Las uñas pintadas de rojo
Me habló de ella su hija, yo no la conocí. Se llamaba Irene y había sido una mujer muy movida. Superó un cáncer y estuvo 13 años en una silla de ruedas, Sonreía mucho. Era una mujer religiosa. Entre las cosas que poco a poco, he ido sabiendo de Irene, por su hija una me hizo “clic” en el cerebro: “A mi madre lo que más le gustaba era llevar las uñas pintadas de rojo, en cuaresma, no se las pintaba”. Y recordé a otra mujer, mi madre, que estuvo un mes sin tomar café, para pedir la salud de un padre de dieciséis hijos, enfermo de cáncer, cuando el cáncer no se curaba. Y también una tarde de agosto en la que una niña amiga mía pasó entre una mata de cardos, de flores violeta, porque al Señor le habían coronado de espinas.
La palabra mortificación – sacrificio - hace años dejó de estar en el diccionario en los países nórdicos. Hoy aquí, tampoco es palabra prestigiosa, pese a que la vida es cuesta arriba y sirve además de entrenamiento para la muerte, cuando ésta “ nos quite todos esos juguetes con los que tanto nos entretenemos”
Los niños del catecismo entienden bien la noción de sacrificio.
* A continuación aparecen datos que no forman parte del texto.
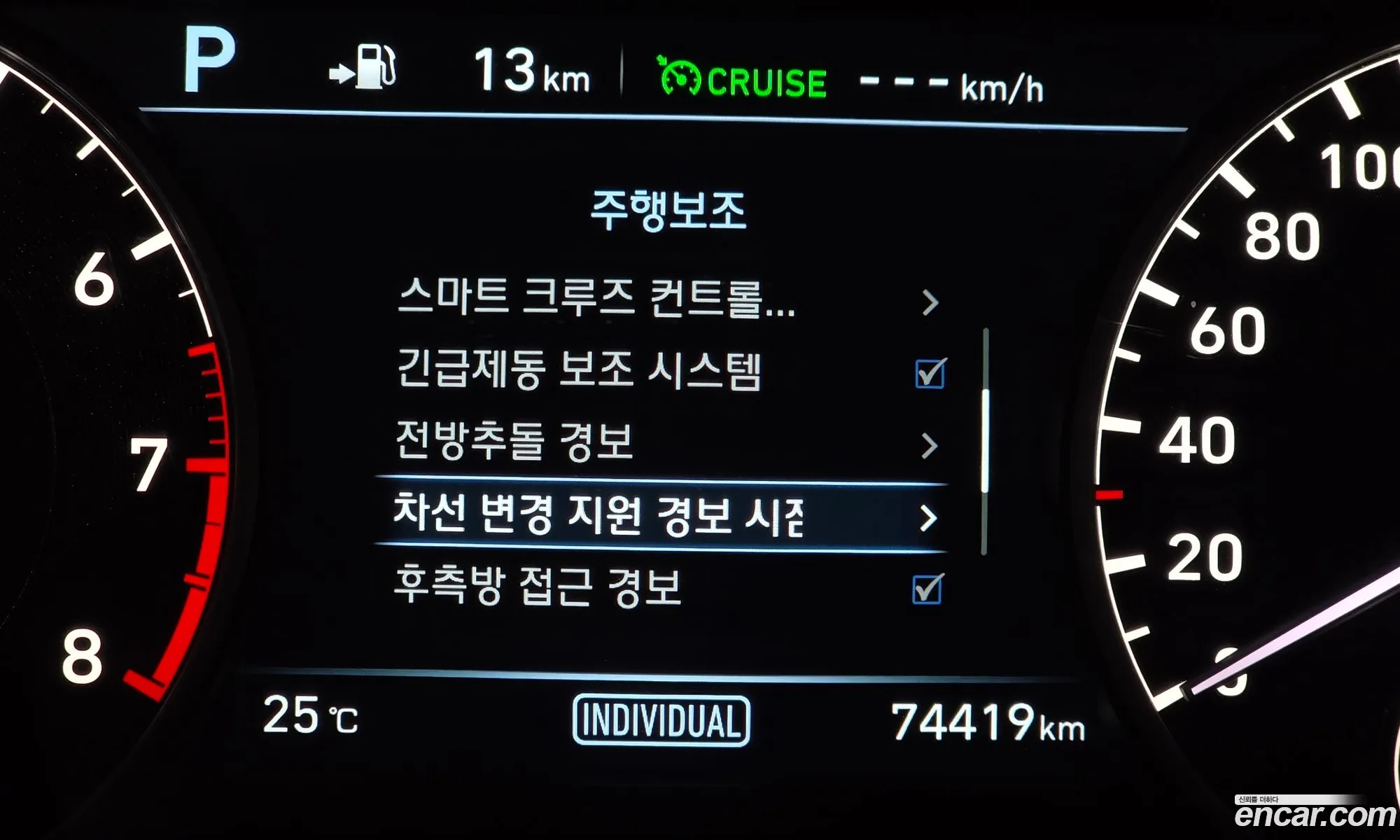 Genesis EQ900 2015 — 28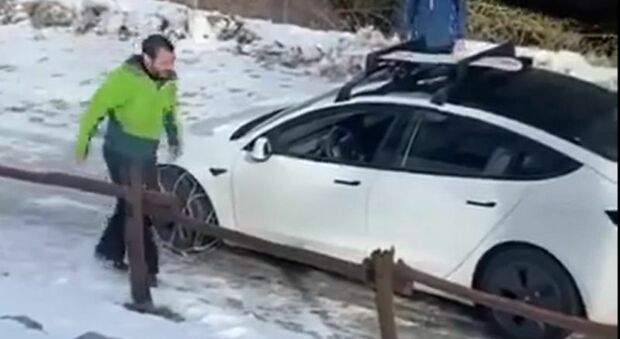 Salvini "sbaglia" a mettere le catene da neve all'auto (a trazione posteriore). Il video è virale, ma...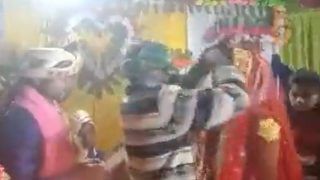Viral Video: दुल्हन के गले में दूल्हा डालने वाला था वरमाला, स्टेज पर हो गई सिरफिरे आशिक की एंट्री- भर दी मांग और...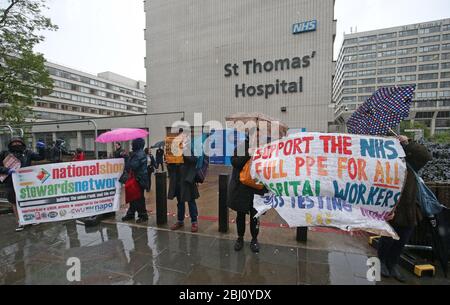 Les manifestants du réseau national des délégués syndicaux à l'extérieur de l'hôpital St Thomas de Londres, au cours d'une minute de silence qui devait rendre hommage au personnel du NHS et aux principaux travailleurs morts lors de l'épidémie de coronavirus. Banque D'Images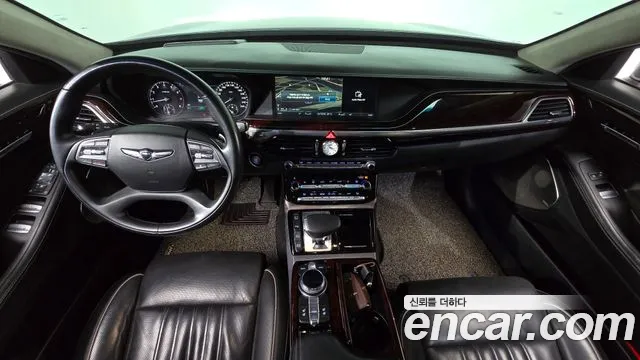 Genesis G90 2018 thumb 6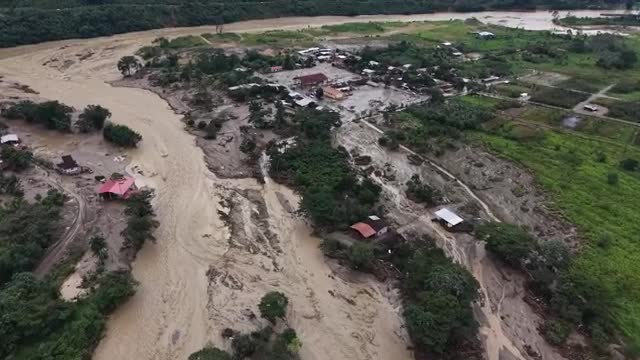Las imágenes grabadas el domingo y el lunes muestran la zona prácticamente sepultada, con casas inundadas y calles cubiertas de lodo.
No están maleados. Las neuronas les funcionan. Cuando les propuse, por estar en cuaresma, hacer un pequeño sacrificio diario – y les di una lista para que eligieran – Laura, una morenita pizpireta me dijo: “¿Y se pueden hacer dos diarios? ¿ se pueden hacer tres diarios? Creo que Laura será mucha moza.